Search code examples
javaspeech-to-textibm-watson

IBM Watson Speech to Text Only Returning First Word With Java SDK


I'm using the IBM Watson speech to text Java SDK, and when I upload the .wav file the response JSON only contains the first transcribed word. When I upload the same file to the web demo, I get the full response.

Very simple implementation with the SDK:

SpeechToText service = new SpeechToText();
service.setUsernameAndPassword("<username>", "<password>");

File audio = new File("src/test/resources/sample1.wav");

SpeechResults transcript = service.recognize(audio, HttpMediaType.AUDIO_WAV);
System.out.println(transcript);

Solution

  • The recognize() signature you are using will return after the first pause.
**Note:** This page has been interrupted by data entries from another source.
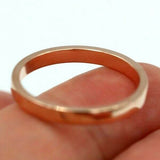 Custom Made Solid 9ct 9kt Rose Gold 2.5mm Flat Wedding Band Size 6.75 / N 1/2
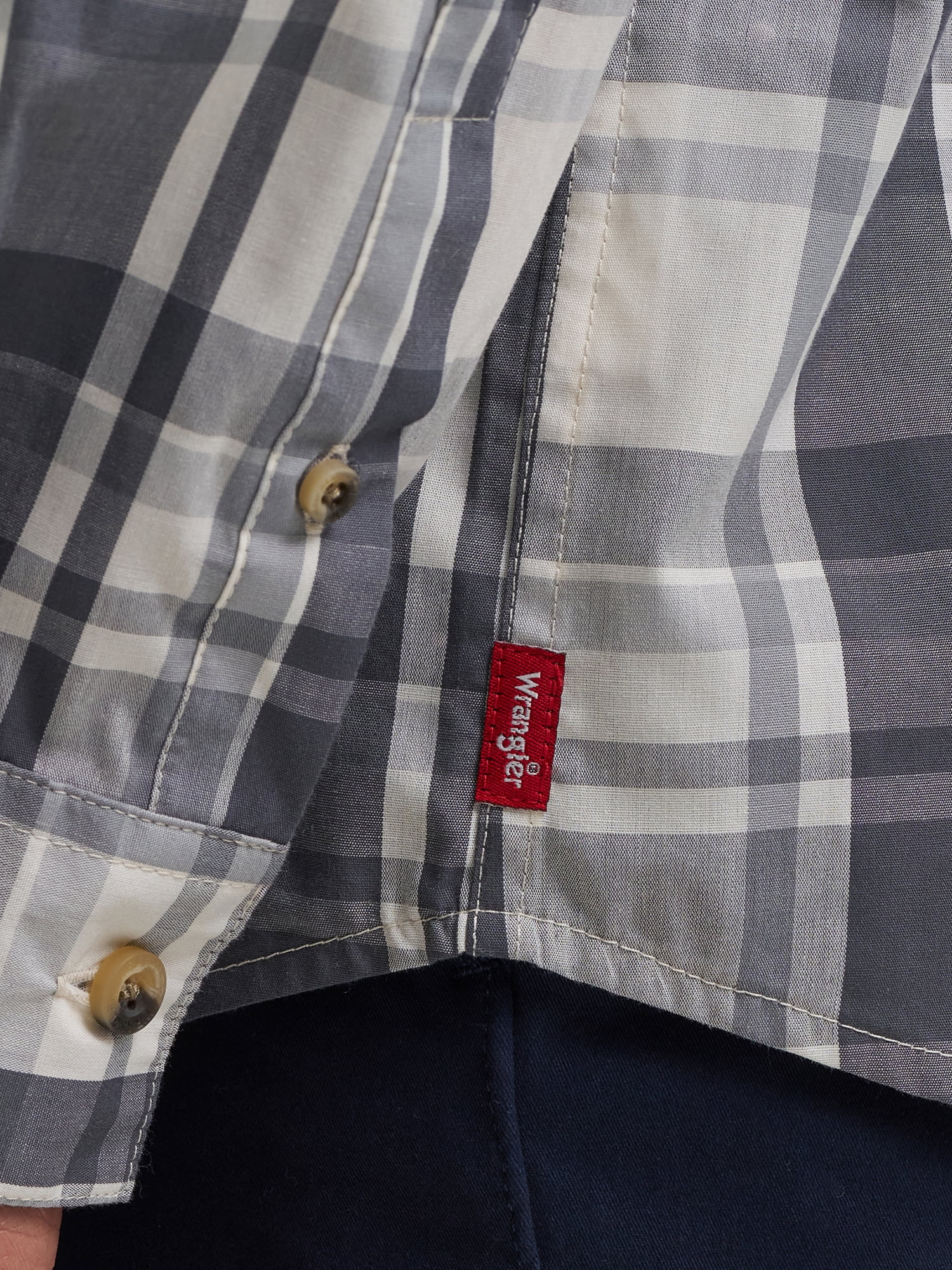 Wrangler® Men's Long Sleeve Plaid Shirt, Sizes S-5XL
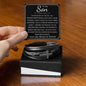 To My Son | Son Birthday Gift | Mens Cuff Bracelet | Gift From Mother | Birthday Gift From Mom | Gift For Him | Gift For Son From Dad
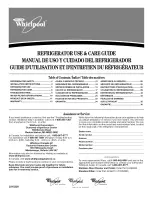 Предварительный просмотр 1 страницы Whirlpool 2315220 Use & Care Manual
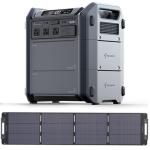 Segway Cube 2000A+ 200w Solar Panel, Power Station Capacity 2048WH, 3 X AC Output 2200W, DC Output 384W, 2* 100w USB-C, Max Input 2050W, 800W Solar Input, Expandable To 5Kwh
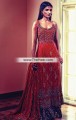 BW6828 Dark Boston University Red Black Crinkle Chiffon Banarasi Jamawar Sharara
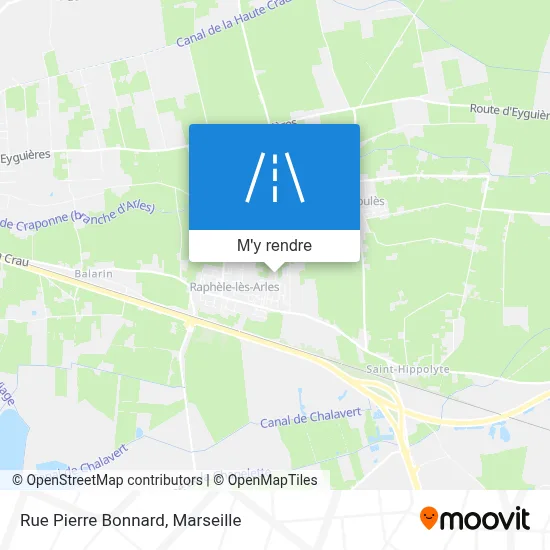 Rue Pierre Bonnard plan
To see all of the results do this:

    RecognizeOptions options = new RecognizeOptions();
    options = options.continuous(true)
              .contentType(HttpMediaType.AUDIO_WAV)
              .interimResults(false)
              .inactivityTimeout(10)
              .maxAlternatives(1)
              .wordConfidence(false)
              .timestamps(true)
              .model("en-US_BroadbandModel");
    SpeechResults transcript = service.recognize(audio, options);
    

    This works for me using the following maven dependency:

    <dependency>
      <groupId>com.ibm.watson.developer_cloud</groupId>
      <artifactId>java-sdk</artifactId>
      <version>2.8.0</version>
    </dependency>